I decided to purchase the Classroom Curriculum from Signing Time. The curriculum has more hands on activities that you might see in a classroom setting, as opposed to simply watching a video. It gives them a chance to actively use the signs they are learning, which will obviously help with future retention.
There are a lot of activities in each unit, more than you will probably want to use in one year. Beside each activity, it is indicated what grade level(s) it is designed for. Also, some of the games and activities in the curriculum are designed for a group of kids (like there would be in a classroom, or siblings) but the majority are good for an only child as well. So with Grade 1 in mind for a single child, I went through the curriculum and picked out those that I felt would be a good fit. There was still quite a bit I didn’t include, that I will no doubt return to in future years as a review and when learning additional ASL.

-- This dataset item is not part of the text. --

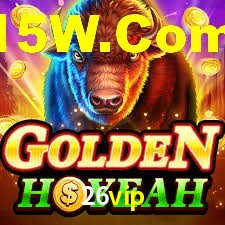 26vip App Interface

In my area, a typical school year has 194 days. The schedule I put together for learning Sign Language for my daughter’s first year is 181 days, so nearly every day of her school year. Based on the Classroom Curriculum from Signing Time, this is my daughter’s first 9 days of her Sign Language schedule for this upcoming year:
Day 1 – Signing Unit 1 DVD & color flashcards (30 min)
Day 2 – Signing Time Memory (10 min)
Day 3 – Rachel Says (8 min)
Day 4 – Quiet Down & This Is Our Teacher (10 min)
Day 5 – Can You? (10 min)
Day 6 – Everybody Line Up & School Is Fun (10 min)

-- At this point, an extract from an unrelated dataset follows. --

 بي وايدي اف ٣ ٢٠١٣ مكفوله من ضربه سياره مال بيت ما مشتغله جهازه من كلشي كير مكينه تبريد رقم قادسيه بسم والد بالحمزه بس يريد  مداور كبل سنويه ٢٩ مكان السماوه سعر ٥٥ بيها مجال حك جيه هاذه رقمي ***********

Day 7 – We’ll Remember All The Things We Learned Today (5 min)
Day 8 – The Teacher In The Class (10 min)
Day 9 – Welcome to School (10 min)
I’ve put the full schedule on this page. So as you can see, learning Sign Language can just be a small part of each day. If you look at the full schedule, you will see there are a few 1 hour days, and there are some 30 min time slots. However, the majority I would say are 10-15 minutes per day, very doable I believe.

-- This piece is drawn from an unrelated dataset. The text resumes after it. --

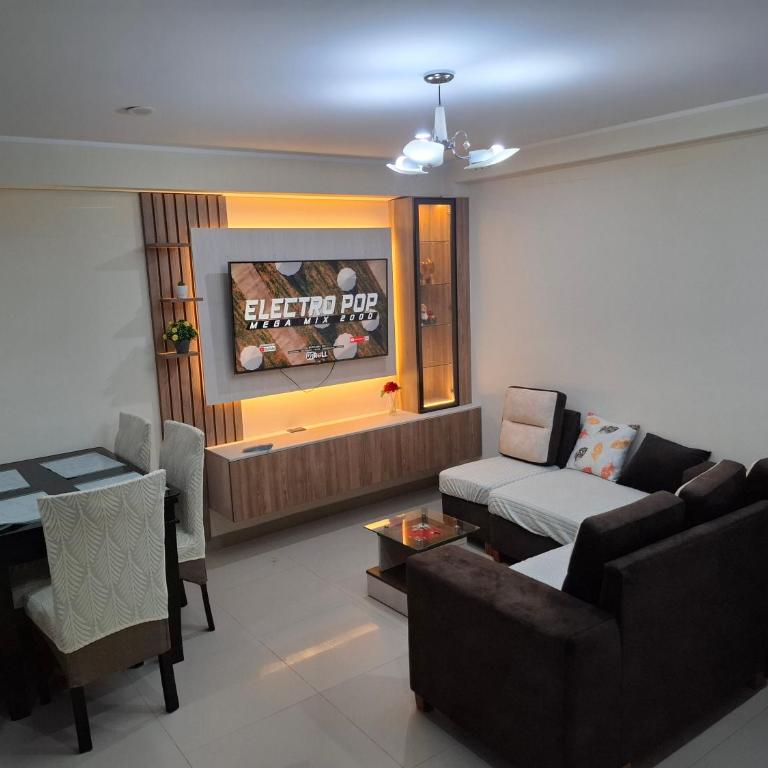 Departamento moderno Huancayo - Apartamento de 2 dormitorios - 5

To be clear, this curriculum is not something your child will be able to do on their own, but needs full parent participation. On the plus side, you will be learning American Sign Language alongside your child.
There are a lot of poems and songs included in the curriculum which is also good reading and singing practice.
What about future grades in this subject? Well, I will include additional resources and details in future posts. However, as a brief outline:
For Grade 2, my daughter will go through each video of Signing Time Series 1 & Series 2. There are 13 video’s in each series for a total of 26. There are 52 weeks in a year, so doing the math, we could cover one video every 2 weeks, a little faster if we want the summer off, etc. We will pick and choose some of the activities from the Classroom Curriculum to supplement our learning and allow for hands on practice.
The first 2 years will be vocabulary based learning. I believe there are around 1000 ASL words taught in the Signing Time series – that will give my daughter quite an extensive vocabulary. However, just like every language, there are different grammar rules and ways of speaking in Sign Language than there are in English, so learning this is vital to becoming fluent in the language.
With this in mind, Grades 3 & 4, I plan to have my daughter (and myself) go through the courses on Signing Online. There are 4 courses, so I plan for us to cover 2 a year.
Grade 5, I plan for us to get in contact with a local deaf centre, and find activities to participate in with the deaf community-immersion, field trip style.
So what about you? Do you think you could include learning American Sign Language as part of your child’s homeschooling curriculum?